--- About this exercise ---
Copy the records below without altering a single word.

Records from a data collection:
◆ ◆ ◆

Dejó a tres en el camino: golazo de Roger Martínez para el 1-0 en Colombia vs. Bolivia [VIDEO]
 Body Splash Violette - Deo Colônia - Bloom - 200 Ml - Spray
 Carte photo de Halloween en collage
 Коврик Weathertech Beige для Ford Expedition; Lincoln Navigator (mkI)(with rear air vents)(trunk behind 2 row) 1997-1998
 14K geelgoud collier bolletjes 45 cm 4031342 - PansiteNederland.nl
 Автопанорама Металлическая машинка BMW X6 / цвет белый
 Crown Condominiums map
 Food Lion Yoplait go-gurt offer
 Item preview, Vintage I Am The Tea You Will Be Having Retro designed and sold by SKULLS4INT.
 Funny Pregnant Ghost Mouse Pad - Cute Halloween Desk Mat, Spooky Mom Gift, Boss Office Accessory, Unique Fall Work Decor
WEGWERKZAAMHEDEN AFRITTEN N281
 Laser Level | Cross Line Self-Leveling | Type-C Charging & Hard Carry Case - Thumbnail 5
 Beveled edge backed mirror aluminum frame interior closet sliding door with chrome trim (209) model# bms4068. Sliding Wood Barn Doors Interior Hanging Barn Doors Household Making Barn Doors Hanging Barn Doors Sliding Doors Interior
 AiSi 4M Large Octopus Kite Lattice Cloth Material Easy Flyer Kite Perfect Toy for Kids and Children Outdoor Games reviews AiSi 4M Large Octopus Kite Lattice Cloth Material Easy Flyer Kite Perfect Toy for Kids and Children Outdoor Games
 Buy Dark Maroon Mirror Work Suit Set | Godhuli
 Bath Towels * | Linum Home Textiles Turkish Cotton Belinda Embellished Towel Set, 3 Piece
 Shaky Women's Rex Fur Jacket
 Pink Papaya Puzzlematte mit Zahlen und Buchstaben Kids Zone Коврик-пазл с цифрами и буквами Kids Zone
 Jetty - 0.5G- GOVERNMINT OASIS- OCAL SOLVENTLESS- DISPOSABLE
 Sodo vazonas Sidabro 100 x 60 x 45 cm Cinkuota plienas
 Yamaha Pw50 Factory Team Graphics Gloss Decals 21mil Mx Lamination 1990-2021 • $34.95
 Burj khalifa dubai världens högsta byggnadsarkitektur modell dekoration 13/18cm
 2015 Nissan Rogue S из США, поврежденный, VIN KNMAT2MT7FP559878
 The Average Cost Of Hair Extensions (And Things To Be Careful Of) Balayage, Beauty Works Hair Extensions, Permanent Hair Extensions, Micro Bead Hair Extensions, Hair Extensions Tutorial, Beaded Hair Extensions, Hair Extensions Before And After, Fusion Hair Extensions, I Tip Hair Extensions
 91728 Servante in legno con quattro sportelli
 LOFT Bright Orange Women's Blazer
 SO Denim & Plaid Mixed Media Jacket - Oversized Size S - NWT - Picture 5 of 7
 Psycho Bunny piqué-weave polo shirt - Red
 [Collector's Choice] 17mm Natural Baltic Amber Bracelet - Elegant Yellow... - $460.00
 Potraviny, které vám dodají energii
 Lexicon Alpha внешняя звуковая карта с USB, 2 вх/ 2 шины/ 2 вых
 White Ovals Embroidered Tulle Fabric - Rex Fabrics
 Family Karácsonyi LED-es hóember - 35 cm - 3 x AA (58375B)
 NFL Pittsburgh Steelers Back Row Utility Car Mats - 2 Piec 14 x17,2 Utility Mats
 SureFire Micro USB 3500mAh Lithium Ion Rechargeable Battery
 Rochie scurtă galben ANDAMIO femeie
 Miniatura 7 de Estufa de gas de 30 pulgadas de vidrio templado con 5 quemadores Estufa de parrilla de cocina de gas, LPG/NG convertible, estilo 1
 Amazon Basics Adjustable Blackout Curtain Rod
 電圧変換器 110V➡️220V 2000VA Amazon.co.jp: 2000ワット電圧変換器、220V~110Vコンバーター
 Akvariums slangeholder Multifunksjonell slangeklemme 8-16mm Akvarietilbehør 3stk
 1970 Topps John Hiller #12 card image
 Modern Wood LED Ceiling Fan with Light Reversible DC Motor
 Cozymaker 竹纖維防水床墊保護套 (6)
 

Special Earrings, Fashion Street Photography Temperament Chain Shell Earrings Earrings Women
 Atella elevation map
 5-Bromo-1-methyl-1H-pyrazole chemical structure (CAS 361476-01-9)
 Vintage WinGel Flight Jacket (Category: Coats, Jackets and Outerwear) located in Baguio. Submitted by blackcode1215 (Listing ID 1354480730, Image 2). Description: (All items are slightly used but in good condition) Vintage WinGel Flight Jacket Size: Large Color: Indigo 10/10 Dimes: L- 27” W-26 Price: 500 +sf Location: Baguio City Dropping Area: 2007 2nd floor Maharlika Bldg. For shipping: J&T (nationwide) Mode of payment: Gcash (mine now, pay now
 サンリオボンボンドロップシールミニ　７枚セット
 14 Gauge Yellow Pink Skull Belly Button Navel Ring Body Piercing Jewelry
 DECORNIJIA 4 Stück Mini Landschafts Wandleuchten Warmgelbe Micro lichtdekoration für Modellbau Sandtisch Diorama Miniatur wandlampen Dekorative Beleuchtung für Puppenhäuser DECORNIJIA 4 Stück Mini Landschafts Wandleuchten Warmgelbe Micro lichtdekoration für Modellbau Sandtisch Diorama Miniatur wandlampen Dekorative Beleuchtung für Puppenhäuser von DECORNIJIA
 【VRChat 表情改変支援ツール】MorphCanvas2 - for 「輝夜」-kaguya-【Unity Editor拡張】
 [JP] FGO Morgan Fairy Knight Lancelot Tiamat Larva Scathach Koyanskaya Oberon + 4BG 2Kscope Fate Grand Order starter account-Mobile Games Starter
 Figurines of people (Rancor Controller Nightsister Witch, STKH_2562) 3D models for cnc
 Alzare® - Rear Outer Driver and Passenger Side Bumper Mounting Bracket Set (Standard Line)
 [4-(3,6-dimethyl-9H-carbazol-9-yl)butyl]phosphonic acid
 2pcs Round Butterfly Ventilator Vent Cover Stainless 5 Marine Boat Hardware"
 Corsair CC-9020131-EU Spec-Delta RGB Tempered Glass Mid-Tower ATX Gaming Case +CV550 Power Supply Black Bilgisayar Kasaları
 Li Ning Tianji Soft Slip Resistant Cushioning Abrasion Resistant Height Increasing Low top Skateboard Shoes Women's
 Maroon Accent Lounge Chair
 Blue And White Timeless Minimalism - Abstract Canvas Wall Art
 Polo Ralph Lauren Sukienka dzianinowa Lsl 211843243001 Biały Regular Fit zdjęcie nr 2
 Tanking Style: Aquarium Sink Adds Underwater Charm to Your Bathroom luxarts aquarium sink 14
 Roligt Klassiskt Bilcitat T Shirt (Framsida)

◆ ◆ ◆

--- Solution to this task ---
Dejó a tres en el camino: golazo de Roger Martínez para el 1-0 en Colombia vs. Bolivia [VIDEO]
 Body Splash Violette - Deo Colônia - Bloom - 200 Ml - Spray
 Carte photo de Halloween en collage
 Коврик Weathertech Beige для Ford Expedition; Lincoln Navigator (mkI)(with rear air vents)(trunk behind 2 row) 1997-1998
 14K geelgoud collier bolletjes 45 cm 4031342 - PansiteNederland.nl
 Автопанорама Металлическая машинка BMW X6 / цвет белый
 Crown Condominiums map
 Food Lion Yoplait go-gurt offer
 Item preview, Vintage I Am The Tea You Will Be Having Retro designed and sold by SKULLS4INT.
 Funny Pregnant Ghost Mouse Pad - Cute Halloween Desk Mat, Spooky Mom Gift, Boss Office Accessory, Unique Fall Work Decor
WEGWERKZAAMHEDEN AFRITTEN N281
 Laser Level | Cross Line Self-Leveling | Type-C Charging & Hard Carry Case - Thumbnail 5
 Beveled edge backed mirror aluminum frame interior closet sliding door with chrome trim (209) model# bms4068. Sliding Wood Barn Doors Interior Hanging Barn Doors Household Making Barn Doors Hanging Barn Doors Sliding Doors Interior
 AiSi 4M Large Octopus Kite Lattice Cloth Material Easy Flyer Kite Perfect Toy for Kids and Children Outdoor Games reviews AiSi 4M Large Octopus Kite Lattice Cloth Material Easy Flyer Kite Perfect Toy for Kids and Children Outdoor Games
 Buy Dark Maroon Mirror Work Suit Set | Godhuli
 Bath Towels * | Linum Home Textiles Turkish Cotton Belinda Embellished Towel Set, 3 Piece
 Shaky Women's Rex Fur Jacket
 Pink Papaya Puzzlematte mit Zahlen und Buchstaben Kids Zone Коврик-пазл с цифрами и буквами Kids Zone
 Jetty - 0.5G- GOVERNMINT OASIS- OCAL SOLVENTLESS- DISPOSABLE
 Sodo vazonas Sidabro 100 x 60 x 45 cm Cinkuota plienas
 Yamaha Pw50 Factory Team Graphics Gloss Decals 21mil Mx Lamination 1990-2021 • $34.95
 Burj khalifa dubai världens högsta byggnadsarkitektur modell dekoration 13/18cm
 2015 Nissan Rogue S из США, поврежденный, VIN KNMAT2MT7FP559878
 The Average Cost Of Hair Extensions (And Things To Be Careful Of) Balayage, Beauty Works Hair Extensions, Permanent Hair Extensions, Micro Bead Hair Extensions, Hair Extensions Tutorial, Beaded Hair Extensions, Hair Extensions Before And After, Fusion Hair Extensions, I Tip Hair Extensions
 91728 Servante in legno con quattro sportelli
 LOFT Bright Orange Women's Blazer
 SO Denim & Plaid Mixed Media Jacket - Oversized Size S - NWT - Picture 5 of 7
 Psycho Bunny piqué-weave polo shirt - Red
 [Collector's Choice] 17mm Natural Baltic Amber Bracelet - Elegant Yellow... - $460.00
 Potraviny, které vám dodají energii
 Lexicon Alpha внешняя звуковая карта с USB, 2 вх/ 2 шины/ 2 вых
 White Ovals Embroidered Tulle Fabric - Rex Fabrics
 Family Karácsonyi LED-es hóember - 35 cm - 3 x AA (58375B)
 NFL Pittsburgh Steelers Back Row Utility Car Mats - 2 Piec 14 x17,2 Utility Mats
 SureFire Micro USB 3500mAh Lithium Ion Rechargeable Battery
 Rochie scurtă galben ANDAMIO femeie
 Miniatura 7 de Estufa de gas de 30 pulgadas de vidrio templado con 5 quemadores Estufa de parrilla de cocina de gas, LPG/NG convertible, estilo 1
 Amazon Basics Adjustable Blackout Curtain Rod
 電圧変換器 110V➡️220V 2000VA Amazon.co.jp: 2000ワット電圧変換器、220V~110Vコンバーター
 Akvariums slangeholder Multifunksjonell slangeklemme 8-16mm Akvarietilbehør 3stk
 1970 Topps John Hiller #12 card image
 Modern Wood LED Ceiling Fan with Light Reversible DC Motor
 Cozymaker 竹纖維防水床墊保護套 (6)
 

Special Earrings, Fashion Street Photography Temperament Chain Shell Earrings Earrings Women
 Atella elevation map
 5-Bromo-1-methyl-1H-pyrazole chemical structure (CAS 361476-01-9)
 Vintage WinGel Flight Jacket (Category: Coats, Jackets and Outerwear) located in Baguio. Submitted by blackcode1215 (Listing ID 1354480730, Image 2). Description: (All items are slightly used but in good condition) Vintage WinGel Flight Jacket Size: Large Color: Indigo 10/10 Dimes: L- 27” W-26 Price: 500 +sf Location: Baguio City Dropping Area: 2007 2nd floor Maharlika Bldg. For shipping: J&T (nationwide) Mode of payment: Gcash (mine now, pay now
 サンリオボンボンドロップシールミニ　７枚セット
 14 Gauge Yellow Pink Skull Belly Button Navel Ring Body Piercing Jewelry
 DECORNIJIA 4 Stück Mini Landschafts Wandleuchten Warmgelbe Micro lichtdekoration für Modellbau Sandtisch Diorama Miniatur wandlampen Dekorative Beleuchtung für Puppenhäuser DECORNIJIA 4 Stück Mini Landschafts Wandleuchten Warmgelbe Micro lichtdekoration für Modellbau Sandtisch Diorama Miniatur wandlampen Dekorative Beleuchtung für Puppenhäuser von DECORNIJIA
 【VRChat 表情改変支援ツール】MorphCanvas2 - for 「輝夜」-kaguya-【Unity Editor拡張】
 [JP] FGO Morgan Fairy Knight Lancelot Tiamat Larva Scathach Koyanskaya Oberon + 4BG 2Kscope Fate Grand Order starter account-Mobile Games Starter
 Figurines of people (Rancor Controller Nightsister Witch, STKH_2562) 3D models for cnc
 Alzare® - Rear Outer Driver and Passenger Side Bumper Mounting Bracket Set (Standard Line)
 [4-(3,6-dimethyl-9H-carbazol-9-yl)butyl]phosphonic acid
 2pcs Round Butterfly Ventilator Vent Cover Stainless 5 Marine Boat Hardware"
 Corsair CC-9020131-EU Spec-Delta RGB Tempered Glass Mid-Tower ATX Gaming Case +CV550 Power Supply Black Bilgisayar Kasaları
 Li Ning Tianji Soft Slip Resistant Cushioning Abrasion Resistant Height Increasing Low top Skateboard Shoes Women's
 Maroon Accent Lounge Chair
 Blue And White Timeless Minimalism - Abstract Canvas Wall Art
 Polo Ralph Lauren Sukienka dzianinowa Lsl 211843243001 Biały Regular Fit zdjęcie nr 2
 Tanking Style: Aquarium Sink Adds Underwater Charm to Your Bathroom luxarts aquarium sink 14
 Roligt Klassiskt Bilcitat T Shirt (Framsida)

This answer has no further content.